Puerto Rico and imperial machinations

Ricardo Rosselló, governor of a U.S. territory where power, thanks to Hurricane Maria, remains out for 36 percent of the population, tried making nice with Congress; now, incensed by how the tax bill on the verge of passing will punish investors, he’s lashing out.

Rosselló is particularly irked over portions of the law that impose a 12.5 percent tax on “intangible assets” of U.S. companies abroad and a minimum of a 10 percent tax on companies’ profits abroad, meaning businesses with operations in Puerto Rico will pay higher taxes than their counterparts on the U.S. mainland. The measure in the GOP tax bill is designed to stop American companies from avoiding taxes by shifting profits overseas. But it would also apply to Puerto Rico because the island is treated as both a foreign and domestic entity under the U.S. tax code.

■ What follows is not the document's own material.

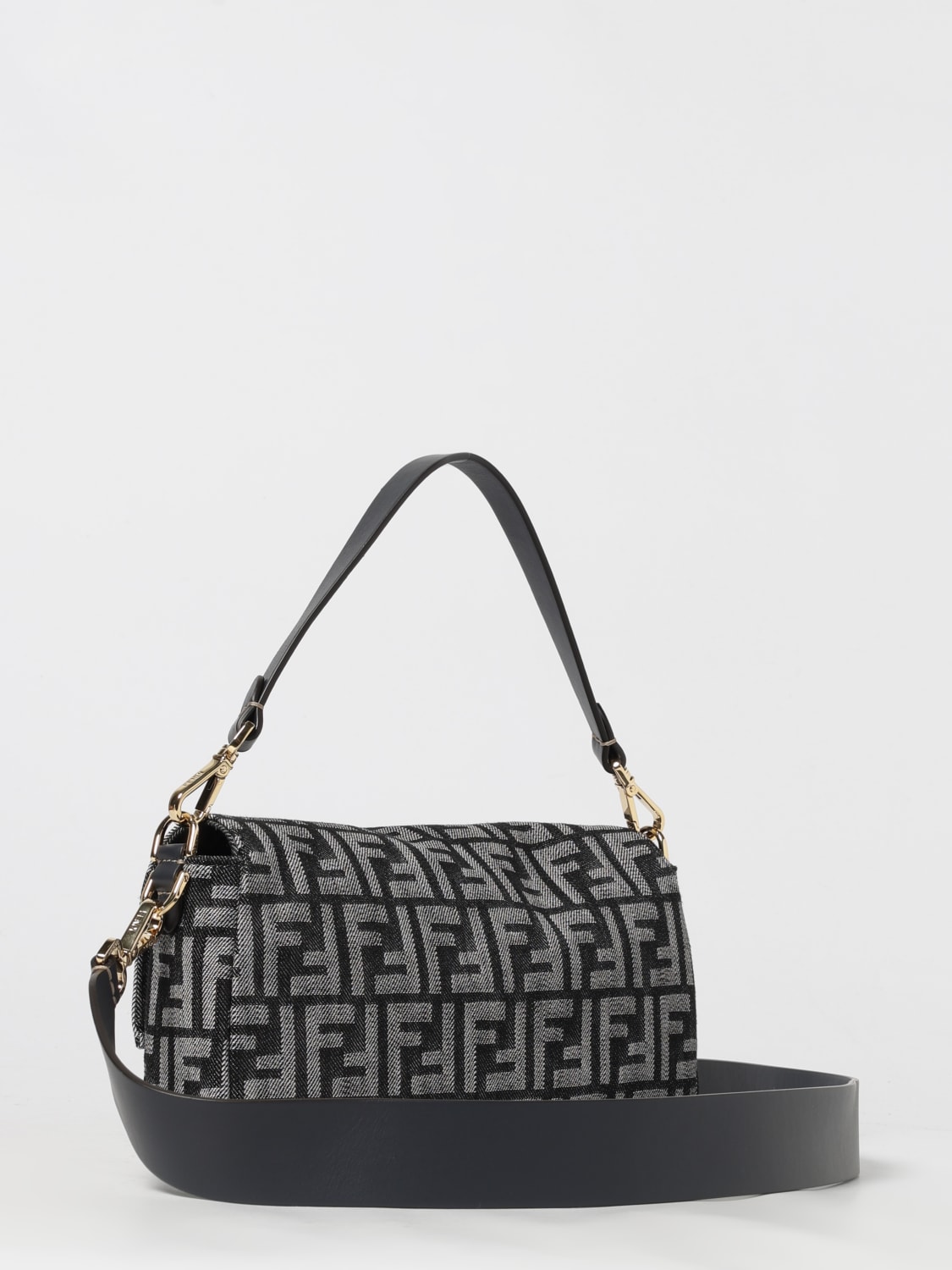 FENDI BORSA A SPALLA: Borsa Baguette Fendi in denim con monogram FF jacquard, Nero - Img 3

Speaking of scathing, Refugees International excoriated the Puerto Rican government and FEMA’s bungled coordination:

Comparing it with past natural disasters, such as the 2010 Haitian earthquake, the group found the U.S. response lacking. In Haiti, the group says 8,000 U.S. troops were deployed to the island within two days of the disaster. In Puerto Rico, it took 10 days for 4,500 U.S. troops to arrive. Central to FEMA’s problematic response, Refugees International says, is that the federal agency is designed to supplement local and state disaster response efforts. But in Puerto Rico, the group found, municipalities and the Commonwealth had “limited capacity and ability to respond.”

Fifteen days ago, I dined with the warm and marvelous parents of a Puerto Rican friend. From their smiles it was impossible for me to tell that at home they still had no power and didn’t expect restoration until March. Please ponder this revelation for a moment. March 2018. Puerto Ricans enjoy no respite from the tropical climate; it’s humid or less humid. The machinations of their government fascinate them not a bit. Whether the imperial capital located thousands of miles north shows little besides a mercenary interest in the territory it regards as a colony matters less than fresh hot coffee in the morning.